- _WHAT TO DO_
Copy nothing but the lines below, from the one with "Gucci Ace Sneaker With Web White Gucci" through the one with "Cute Rilakkuma Bear", exactly as written; no pictures should appear.

- _DATASET RECORDS_

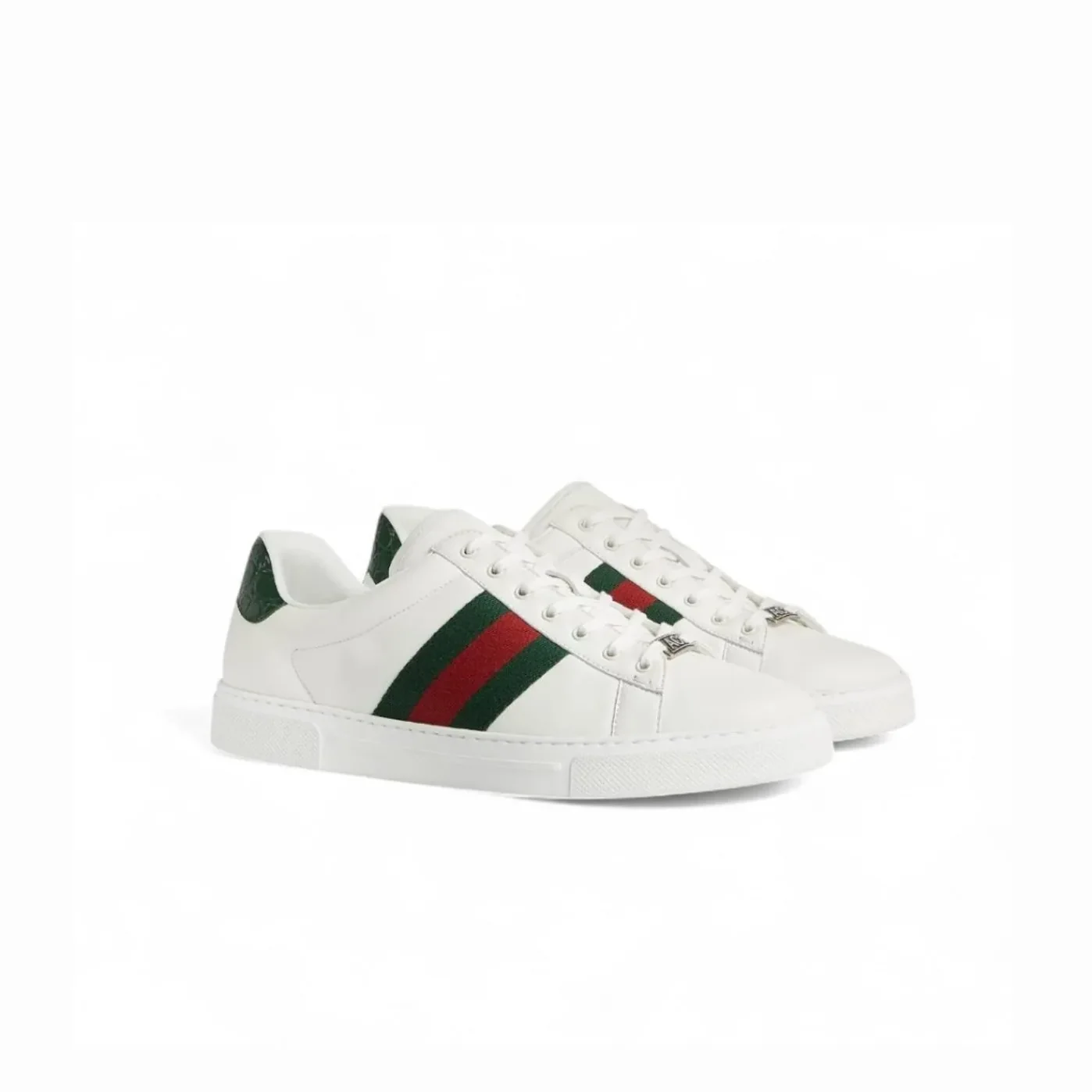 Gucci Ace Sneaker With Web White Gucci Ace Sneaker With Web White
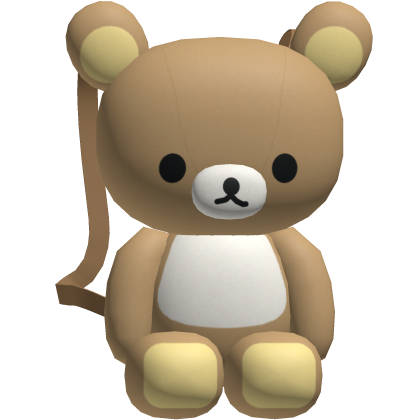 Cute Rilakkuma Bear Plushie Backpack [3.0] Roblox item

==

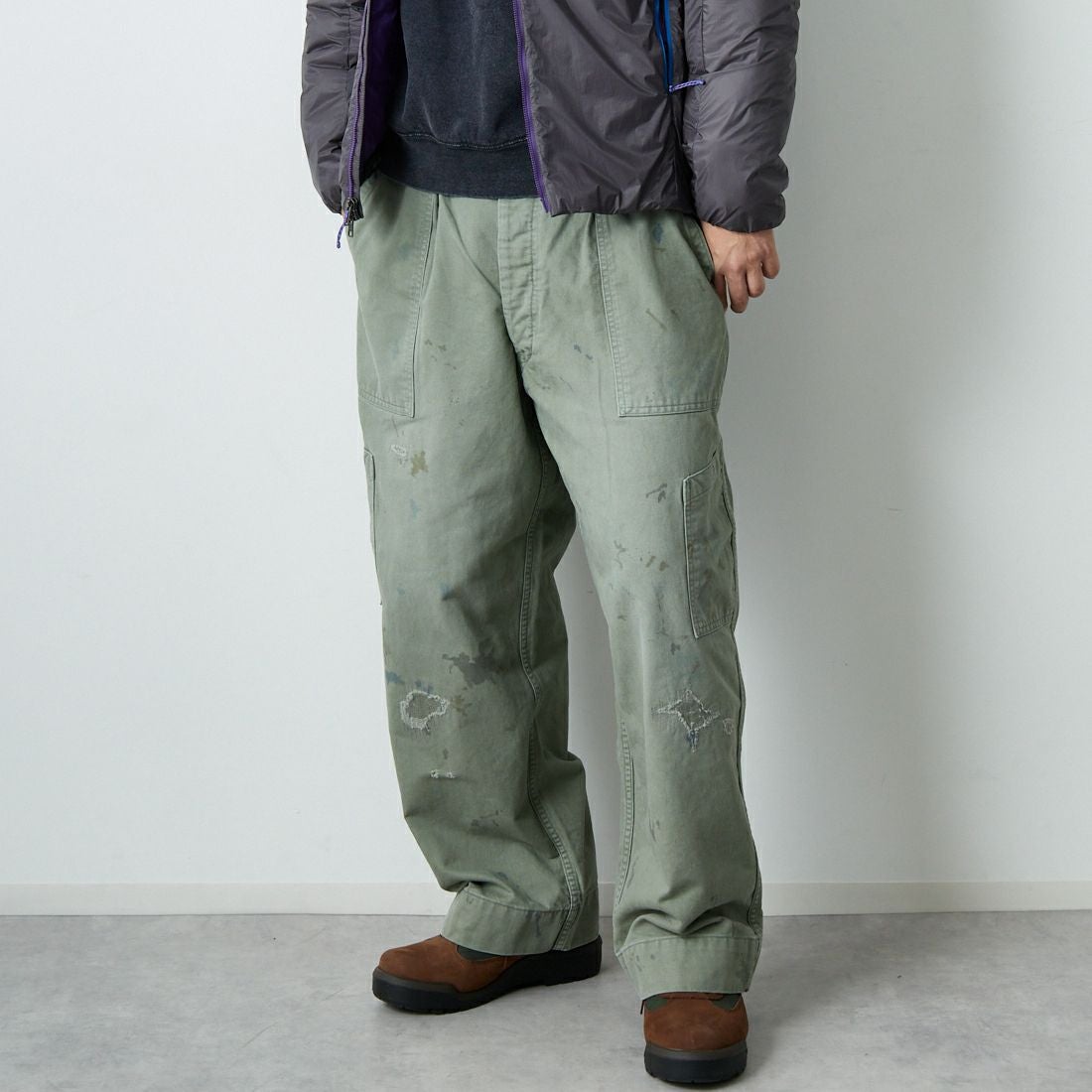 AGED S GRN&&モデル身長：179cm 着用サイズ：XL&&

...

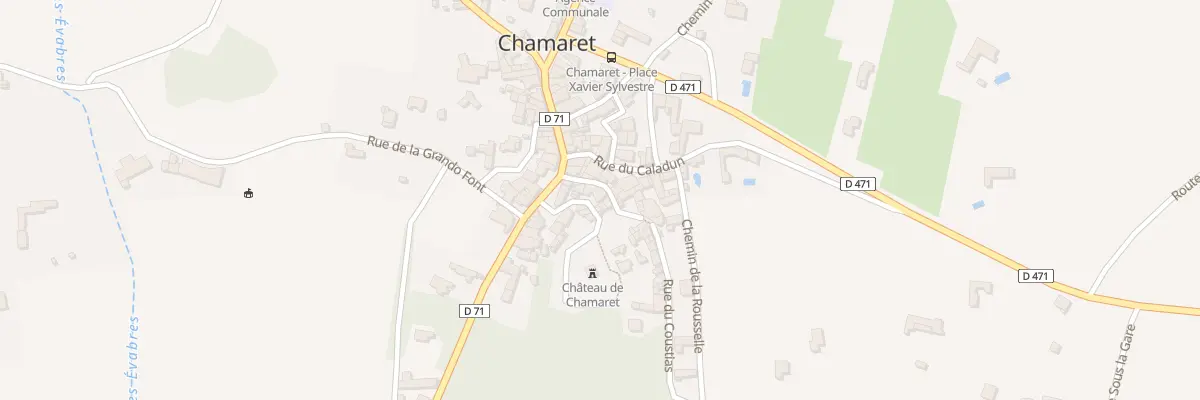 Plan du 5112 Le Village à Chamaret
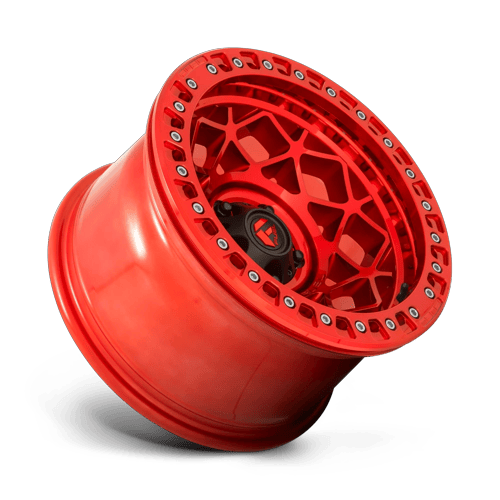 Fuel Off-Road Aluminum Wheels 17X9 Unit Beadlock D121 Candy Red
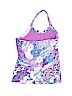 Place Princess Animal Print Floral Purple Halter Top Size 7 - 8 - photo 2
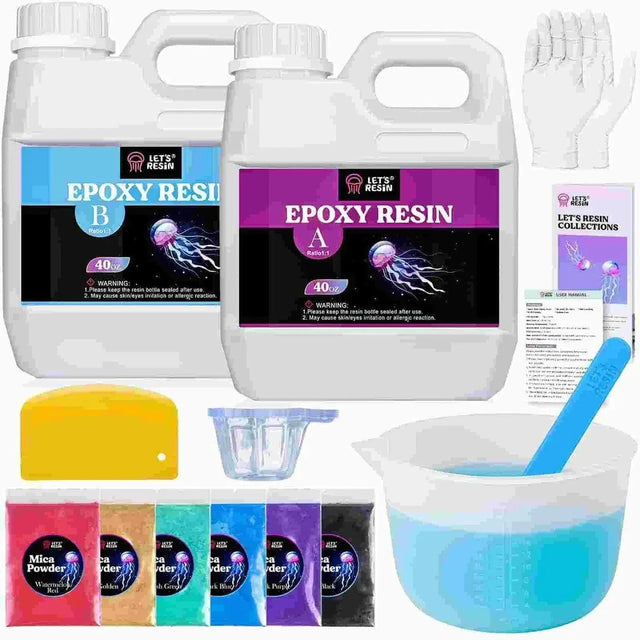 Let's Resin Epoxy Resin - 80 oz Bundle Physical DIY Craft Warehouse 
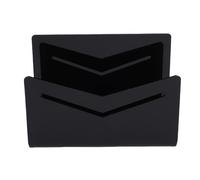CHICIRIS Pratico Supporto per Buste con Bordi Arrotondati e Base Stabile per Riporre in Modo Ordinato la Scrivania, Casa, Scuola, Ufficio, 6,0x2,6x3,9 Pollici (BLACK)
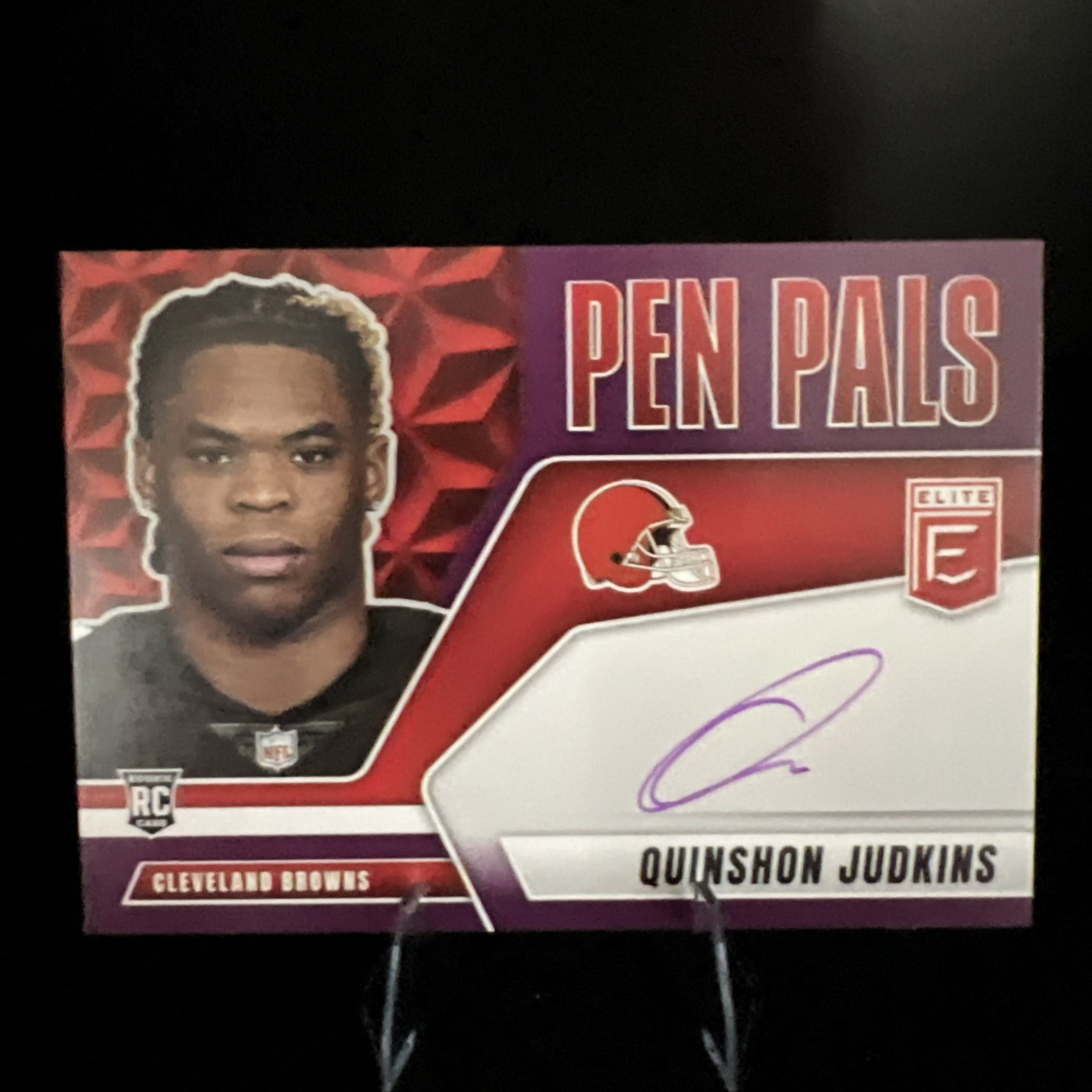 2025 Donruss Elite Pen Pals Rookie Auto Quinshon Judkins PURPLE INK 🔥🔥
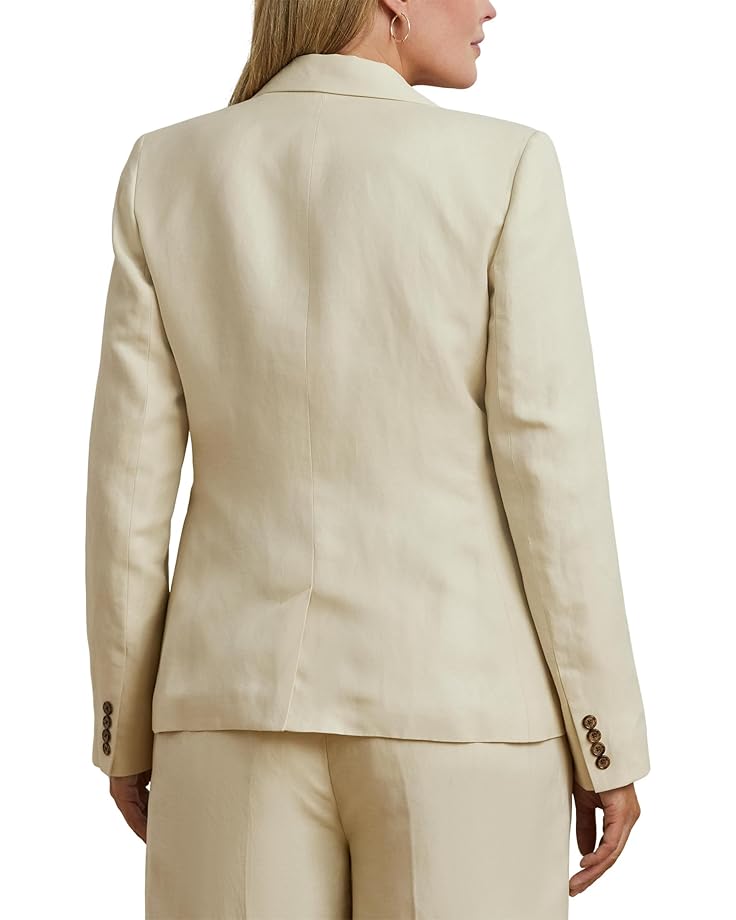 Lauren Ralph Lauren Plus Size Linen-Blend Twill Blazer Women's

- _ANSWER BOX_
 Gucci Ace Sneaker With Web White Gucci Ace Sneaker With Web White
 Cute Rilakkuma Bear Plushie Backpack [3.0] Roblox item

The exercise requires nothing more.